Finkel Report Review: With electricity prices soaring and uncertainty around the future security of supply, the Federal Government tasked Alan Finkel, the chief scientist to come up with a solution. More importantly, he had to come up with a solution that would be supported by all sides of politics. Otherwise, there is little prospect of it being adopted.
The key recommendations of the Finkel Report that has recently been released are as follows:
Clean Energy Target: The Labor Party has been pushing for an emissions trading scheme and the Right faction of the Liberal Party are against this. The panel were made aware that an emission trading scheme was not an option for the Government.
The Finkel Report proposes a new Clean Energy Target with the existing scheme to end in 2020.
The clean energy target (CET) would work in a similar way to the existing RET and would be aimed at encouraging investment in new low-emission power generation.
The government would set an emissions intensity target, which could be reduced over time to meet Australia’s international climate change obligations.
Electricity generators would be issued certificates for the electricity they produce in proportion to how far their emissions intensity is below the threshold. All types of electricity generation would quality provided that they were below the emissions intensity threshold.
Electricity retailers would be obliged to purchase certificates to demonstrate to the Government that a pre-determined share of their electricity came from low emissions generators.
The chief scientist and his expert panel also investigated an emissions intensity scheme (EIS) but the Federal Government had already ruled out implementing such a scheme before Dr. Finkel delivered his preliminary report.
The panel concluded that CET would have similar ability to achieve the required level of emissions reduction in the electricity sector securely and reliably, with price benefits to consumers relative to business as usual. Some others dispute this and put forward modelling to confirm that an energy intensive emissions scheme would deliver better results.
Closure of Coal Fired Generation: The report identifies the retirement of old coal-fired generators as being a major challenge.
The short notice given for the closure of the Hazelwood and Port Augusta has led to the possibility of South Australia and Victoria facing black outs next summer.
The Australian Energy Market Operator is looking at bringing on short-term generation to fill the gap, and will be offering payment for big power users to curtail their energy use if required.

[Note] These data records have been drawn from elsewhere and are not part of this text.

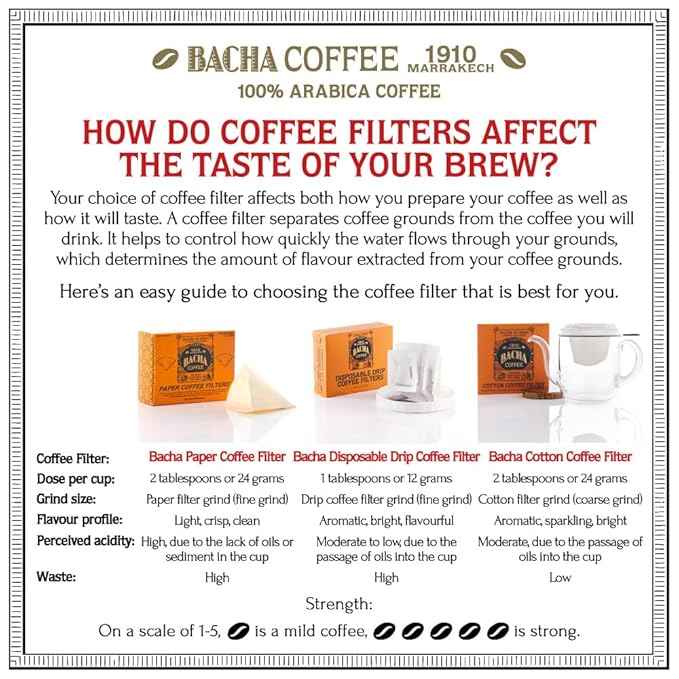 Bacha Coffee | Grand Moka Matari Single Origin, Whole Beans, Medium Dark Roast, 100% Arabica Specialty Coffee, 250g Signature Nomad Collection, Gift Box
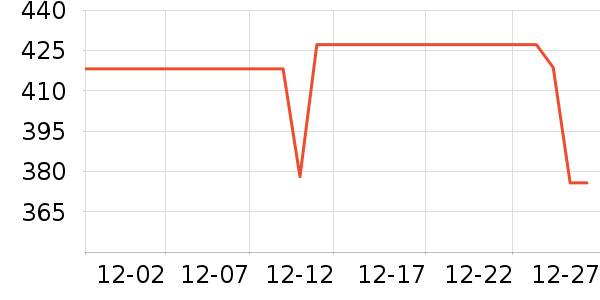 ���ϴ��׾���ʷ�۸�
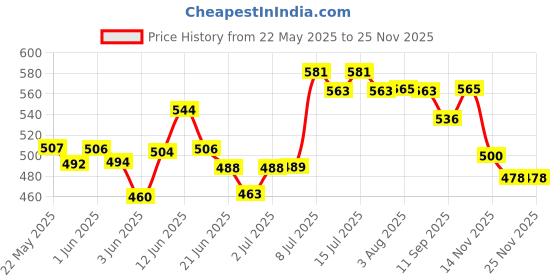 flipkart.com zodze Potty Training Seat for Boys And Girls,Non-Slip with Splash Guard Potty Seat zodze Price History Graph from 22 May 2025 to 25 Nov 2025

Voltage and Frequency: Distributed generation connected to a network such as solar and wind can have negative impacts particularly at times of high penetration. The source of energy fluctuates widely from day to day and hour to hour. This can lead to voltage fluctuation and other technical issues which can cause failures in the network. These issues will be addressed by a generator reliability requirement for new generators. Multiple wind or solar projects could pair with a large scale battery installation or gas plant to achieve the standards. There are some fears that this could push up the costs of renewable energy projects.
These measures would need to be supported by both sides of politics to have any chance of being adopted and it is unclear yet whether this will happen. These measures would create a much better climate for new investment and hence could assist in reducing the current level of pricing.